Computer Tech: September 2008

What is decompilation?

Decompilation is the process of turning object code into source code. This should make sense, since compilation is the process of turning source code into object code. But what is object code? Roughly defined, object code is code expressed in a language that is executed directly by a real or virtual machine. For languages like C, the object code is generally run on a hardware CPU, while Java object code generally runs on a virtual machine.

Decompilation is hard

As described above, decompilation may sound fairly simple, but it's actually quite hard -- it essentially involves inferring large-scale, high-level behavior from small-scale, low-level behavior. To understand this intuitively, think of a computer program as a complex corporate structure. High-level managers dispense commands such as "maximize technology throughput" to their underlings, who then turn these commands into more concrete actions, such as installing the new XML database.
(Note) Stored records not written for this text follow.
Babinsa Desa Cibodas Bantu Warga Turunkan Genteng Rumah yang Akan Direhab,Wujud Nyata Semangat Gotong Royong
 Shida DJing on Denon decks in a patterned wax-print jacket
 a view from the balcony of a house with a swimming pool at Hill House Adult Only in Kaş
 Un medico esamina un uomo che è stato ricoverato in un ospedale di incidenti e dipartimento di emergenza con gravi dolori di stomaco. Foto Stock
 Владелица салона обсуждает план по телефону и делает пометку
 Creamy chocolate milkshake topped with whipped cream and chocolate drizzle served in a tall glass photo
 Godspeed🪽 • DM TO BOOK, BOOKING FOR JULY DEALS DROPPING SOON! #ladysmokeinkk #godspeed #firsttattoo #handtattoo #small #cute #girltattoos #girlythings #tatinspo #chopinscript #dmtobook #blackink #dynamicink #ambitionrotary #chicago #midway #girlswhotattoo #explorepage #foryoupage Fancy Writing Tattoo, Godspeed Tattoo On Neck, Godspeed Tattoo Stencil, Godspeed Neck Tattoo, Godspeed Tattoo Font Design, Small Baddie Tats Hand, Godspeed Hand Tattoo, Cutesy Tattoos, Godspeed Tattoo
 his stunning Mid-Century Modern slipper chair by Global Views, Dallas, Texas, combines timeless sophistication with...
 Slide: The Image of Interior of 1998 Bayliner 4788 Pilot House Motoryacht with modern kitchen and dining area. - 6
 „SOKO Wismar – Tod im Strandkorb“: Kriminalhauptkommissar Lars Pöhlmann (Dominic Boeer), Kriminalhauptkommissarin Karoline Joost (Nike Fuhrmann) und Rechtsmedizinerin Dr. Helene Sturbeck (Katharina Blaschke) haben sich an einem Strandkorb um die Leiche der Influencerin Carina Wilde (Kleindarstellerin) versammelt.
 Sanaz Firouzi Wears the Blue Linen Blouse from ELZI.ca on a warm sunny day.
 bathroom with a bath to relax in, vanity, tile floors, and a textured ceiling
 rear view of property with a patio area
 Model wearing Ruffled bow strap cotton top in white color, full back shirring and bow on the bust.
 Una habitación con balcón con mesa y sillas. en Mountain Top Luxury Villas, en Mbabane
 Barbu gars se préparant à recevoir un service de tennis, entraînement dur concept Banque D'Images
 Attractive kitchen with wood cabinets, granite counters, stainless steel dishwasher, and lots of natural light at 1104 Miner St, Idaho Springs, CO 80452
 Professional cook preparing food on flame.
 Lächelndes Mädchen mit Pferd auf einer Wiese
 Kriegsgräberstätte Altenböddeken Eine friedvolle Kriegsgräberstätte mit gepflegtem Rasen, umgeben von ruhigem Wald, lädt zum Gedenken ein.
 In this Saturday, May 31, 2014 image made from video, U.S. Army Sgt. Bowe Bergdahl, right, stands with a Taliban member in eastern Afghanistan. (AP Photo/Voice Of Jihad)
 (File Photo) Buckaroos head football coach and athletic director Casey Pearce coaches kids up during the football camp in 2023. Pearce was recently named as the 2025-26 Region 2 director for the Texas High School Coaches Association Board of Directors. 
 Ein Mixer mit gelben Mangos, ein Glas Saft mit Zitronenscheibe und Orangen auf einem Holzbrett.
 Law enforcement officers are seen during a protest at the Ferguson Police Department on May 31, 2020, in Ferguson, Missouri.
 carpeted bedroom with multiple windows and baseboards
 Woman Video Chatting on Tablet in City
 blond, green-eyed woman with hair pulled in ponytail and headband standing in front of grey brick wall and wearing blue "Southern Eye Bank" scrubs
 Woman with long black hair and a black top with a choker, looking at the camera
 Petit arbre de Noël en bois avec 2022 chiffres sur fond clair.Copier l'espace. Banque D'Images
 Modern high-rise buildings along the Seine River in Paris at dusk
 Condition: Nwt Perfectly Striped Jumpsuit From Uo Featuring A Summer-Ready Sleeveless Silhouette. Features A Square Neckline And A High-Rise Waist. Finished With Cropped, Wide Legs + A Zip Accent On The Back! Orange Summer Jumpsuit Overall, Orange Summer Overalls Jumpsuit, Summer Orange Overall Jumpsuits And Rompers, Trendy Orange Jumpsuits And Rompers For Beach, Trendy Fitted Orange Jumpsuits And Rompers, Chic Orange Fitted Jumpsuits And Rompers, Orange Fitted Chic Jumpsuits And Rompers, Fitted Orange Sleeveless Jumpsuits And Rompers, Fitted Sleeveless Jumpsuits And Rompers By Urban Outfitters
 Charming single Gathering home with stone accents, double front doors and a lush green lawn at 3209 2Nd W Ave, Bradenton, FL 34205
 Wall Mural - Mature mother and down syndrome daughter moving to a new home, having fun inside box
As a new employee at this corporation, you might ask an underling what he or she was doing, and get the response, "I'm installing a new XML database." From that statement, you wouldn't be able to infer that the final goal was to maximize technology throughput. After all, the ultimate goal could be something quite different, such as discretizing the supply chain structure or aggregating consumer data.

But if you were the curious type, you might ask a few more questions, and you might spread your questions around, asking several underlings at different levels of the company. Eventually, you could put all the answers together and you might be able to guess that the larger corporate goal was to maximize technology throughput.

If you think of a computer program working like a corporate structure, then the above analogy should give you an intuitive sense of why decompiling code isn't trivial. For a more theoretical perspective, here's how Cristina Cifuentes, a leading researcher in the area, describes the process of decompilation:
Any binary reengineering project requires the disassembly of the code stored in the binary file. From a theoretical point of view, the separation of data and code in von Neumann machines is equivalent to the halting problem; hence, a complete static translation is not possible. However, in practice, different techniques can be used to increase the percentage of code that is translated statically, or hooks to dynamic translation techniques can be used at run-time.
--"Binary Reengineering of Distributed Object Technology"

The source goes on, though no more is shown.